Until this year, blockchain remained a work in progress. Despite more than US$2.1 billion in venture-capital backing since 2012, according to a CB Insight report, all announcements related to trials, making the technology's future still hypothetical.
But 2018 seems to be the year when the promises will come to fruition. R3, the most visible project, announced in the third quarter of 2017 that it would "release a production-ready version of its enterprise software, Corda, within the next few months," according to the aforementioned CB Insight report.
Stratopoulos, who has been tracking the evolution of blockchain for a number of years, sees many signs indicating that the technology will soon unfold in specific implementations. For example, the number of books dealing with the technical intricacies of blockchain, says Stratopoulos, has increased by 400% between 2016 and 2017. This is "a very good indicator of new technology adoption," he adds. "Software companies are reaching the point where they will deliver something."
Because of security concerns, blockchain isn't quite ready for prime time. "The security of blockchain is what a lot of potential users are still investigating," says Stephen Carlin, managing director and head of equities at CIBC Asset Management Inc. in Toronto and manager of CIBC Global Technology. "The key is safety," he adds. "The present framework is promising, but it is still an evolving technology. We feel that we are still in the early days of adoption. So I'm not comfortable to say that it's the best thing since sliced bread, but it is promising."
And let's not forget the regulatory hurdles. "Given that major cryptocurrencies (like bitcoin) have often been used for illicit black-market transactions, regulatory clarity could be an uphill battle," according to CB Insight.
That's why the CIBC technology fund doesn't invest directly in blockchain through startups, but rather indirectly by purchasing shares of companies that participate in the technology's growth, mostly at the level of computing power. The fund holds shares in companies like NVIDIA Corp. (NVDA), a graphics-processor maker, and Taiwan Semiconductor Manufacturing Co. Ltd. (TSM), a chip manufacturer, that have exposure to blockchain.
Evolve's ETF will be an actively managed global fund that will have broad exposure to the blockchain theme. It will invest directly in developers and enablers of the technology, but that's not all. Its holdings will also include shares of multinational companies "that have dedicated resources to develop blockchain for their own business needs or for external implementations," says Evolve's Lala.

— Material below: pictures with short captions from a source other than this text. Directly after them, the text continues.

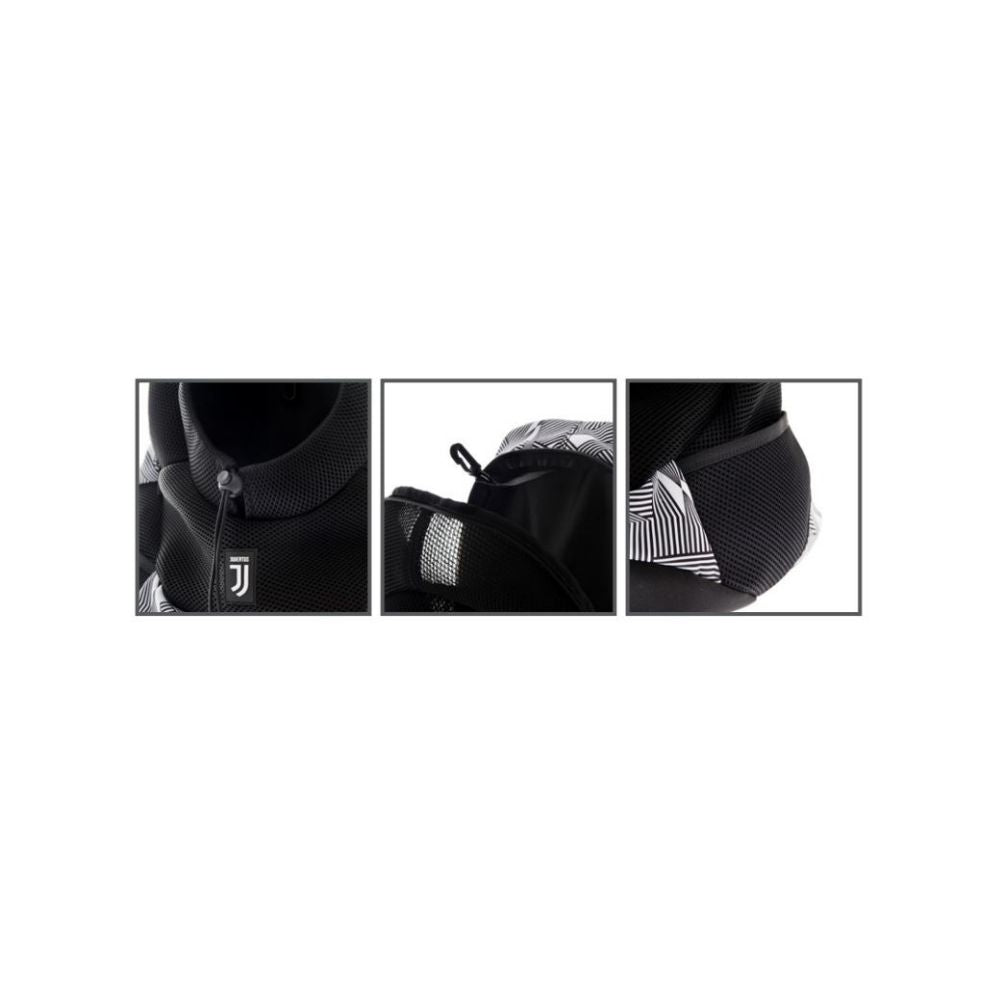 Zaino per cani juventus official 40x20x48 cm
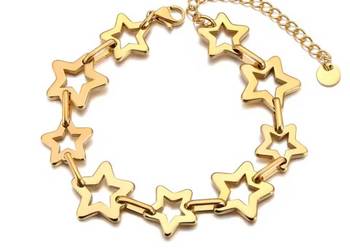 Bransoletki -stal 316L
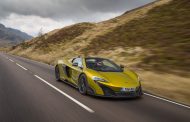 Rob Melville appointed as Design Director of McLaren Automotive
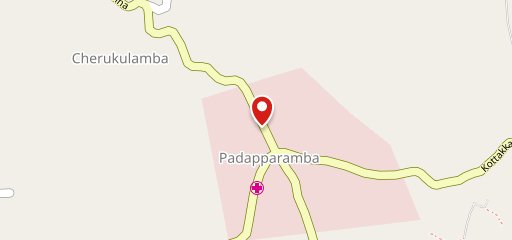 രുചി ജനകീയ ഹോട്ടൽ janakeeya hotel on map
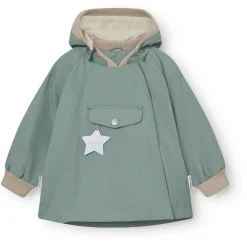 - Kid's Matwai Fleece Lined Jacket - Regenjacke><noscript><img width=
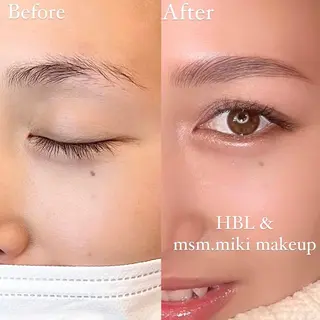 アイブロウ 同時施術◎💅🏻 ネイル/眉毛/まつ毛のネイルデザイン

The market capitalizations of blockchain companies are small, Lala adds. Most companies are in start-up mode, reinvesting their revenues to build their businesses. "The IBMs and Microsofts of this world have made more progress on blockchain than the startups, but it's not a massive part of their global business." Some startups in this space include Hive Blockchain Technologies Ltd. (HIVE), based in Vancouver; Change Financial Ltd. (CNGFF) of Los Angeles; and Toronto-based CryptoGlobal Corp. (CPTO).
The first blockchain ETF in Canada is Harvest Portfolios Group Inc.'s Blockchain Technologies (HBLK), which began trading on Feb. 7. It is designed to track a blockchain-technologies index that the Oakville, Ont.-based firm has developed. The constituents of the proprietary index are companies that are exposed to the development and implementation of blockchain.
Unlike the bitcoin network, which is public, most blockchain applications will be internal corporate private networks, Stratopoulos predicts. These will not be accessible to investors, unless a publicly traded operator of many networks emerges.
The blockchain sector at this point can best be described as speculative, as indicated by Evolve's "high risk" rating for its upcoming ETF. As an investment opportunity, blockchain promises to be far larger than cryptocurrencies, but it is still too early to know if it will take off. "My only hope," says Stratopoulos, "is that it will not be a bubble like bitcoin."